**Work request**
No pictures go into the output, which should consist only of the lines from the first line of the data through the line with "Iridescent Purple &", copied exactly.

**Material to process**
>>>>

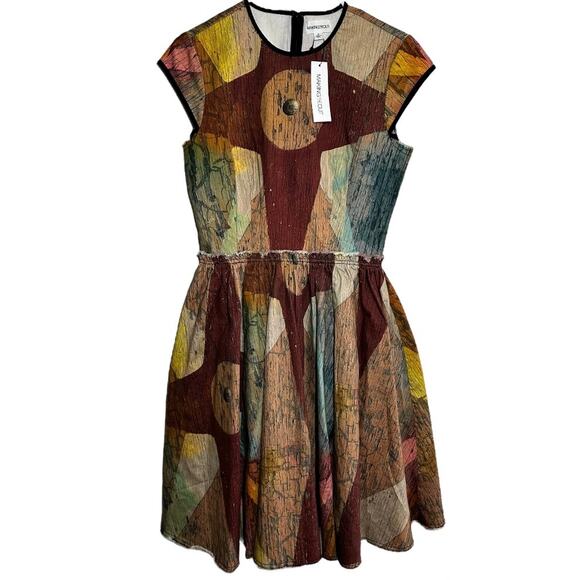 Making The Cut Carnival Painting Dress Winning Look Gary's Brown Tan Small NWT - Picture 2 of 6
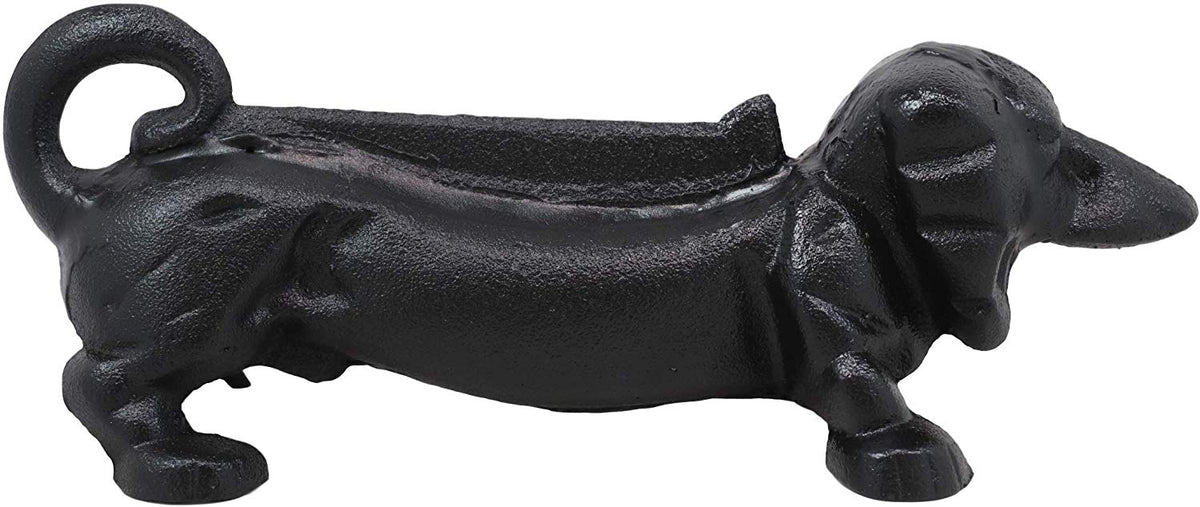 Ebros Cast Iron Rustic Black Sausage Dachshund Dog Boot Cleaner Scraper Weathered Outdoor Patio Backyard Entrance Accent Statue 12.75" Long for Dirty Shoes Boots Footwear - Ebros Gift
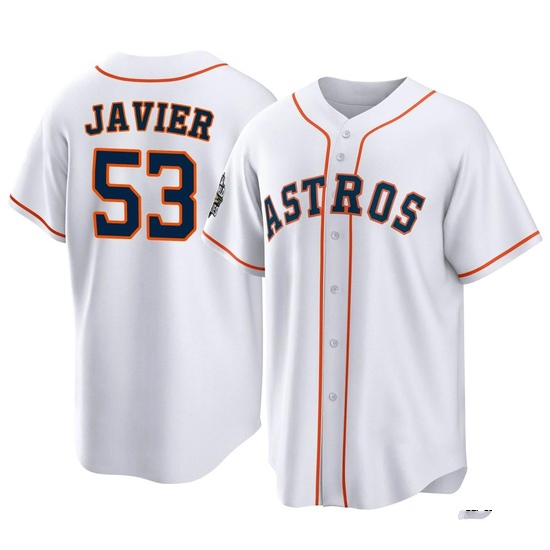 Men's Cristian Javier Houston Astros Replica White 2022 World Series Home Jersey
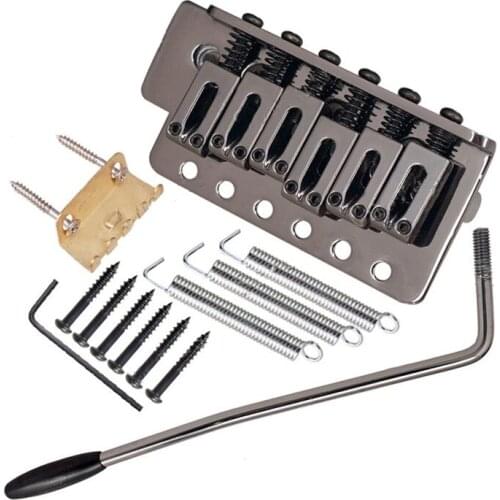 Gun Color 6 Strings Guitar Bridge For Electric Guitar Bridge Parts Musical Instruments Accessories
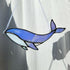 Iridescent Purple & White Whale Stained Glass Suncatcher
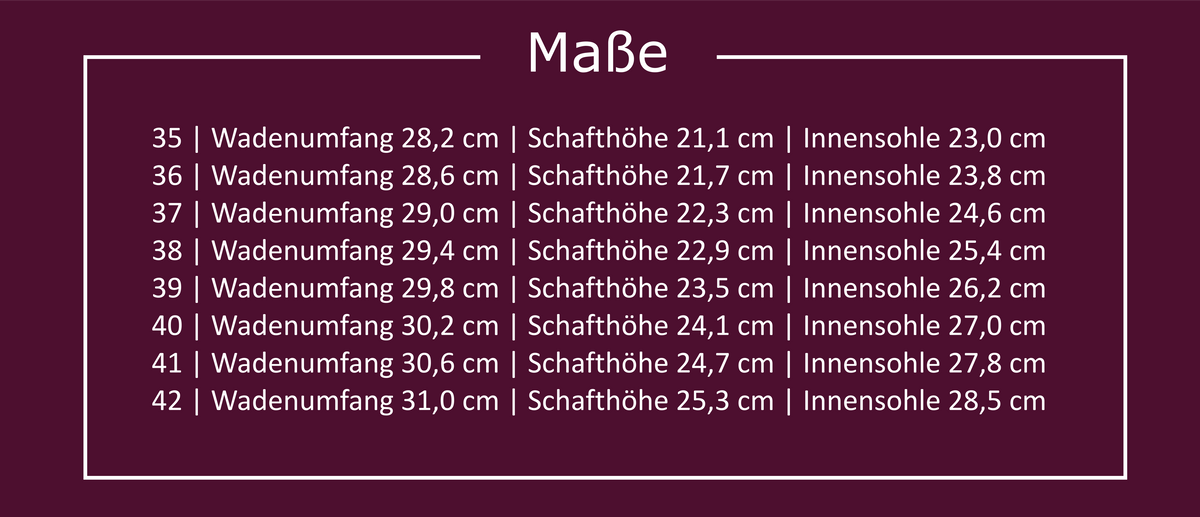 Pleaser Flamingo 1050 Größentabelle für die Größen 35 bis 42 mit Angaben zu Wadenumfang, Schafthöhe und Innensohlenlänge in Zentimetern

<<<<

**Answer area**
 Making The Cut Carnival Painting Dress Winning Look Gary's Brown Tan Small NWT - Picture 2 of 6
 Ebros Cast Iron Rustic Black Sausage Dachshund Dog Boot Cleaner Scraper Weathered Outdoor Patio Backyard Entrance Accent Statue 12.75" Long for Dirty Shoes Boots Footwear - Ebros Gift
 Men's Cristian Javier Houston Astros Replica White 2022 World Series Home Jersey
 Gun Color 6 Strings Guitar Bridge For Electric Guitar Bridge Parts Musical Instruments Accessories
 Iridescent Purple & White Whale Stained Glass Suncatcher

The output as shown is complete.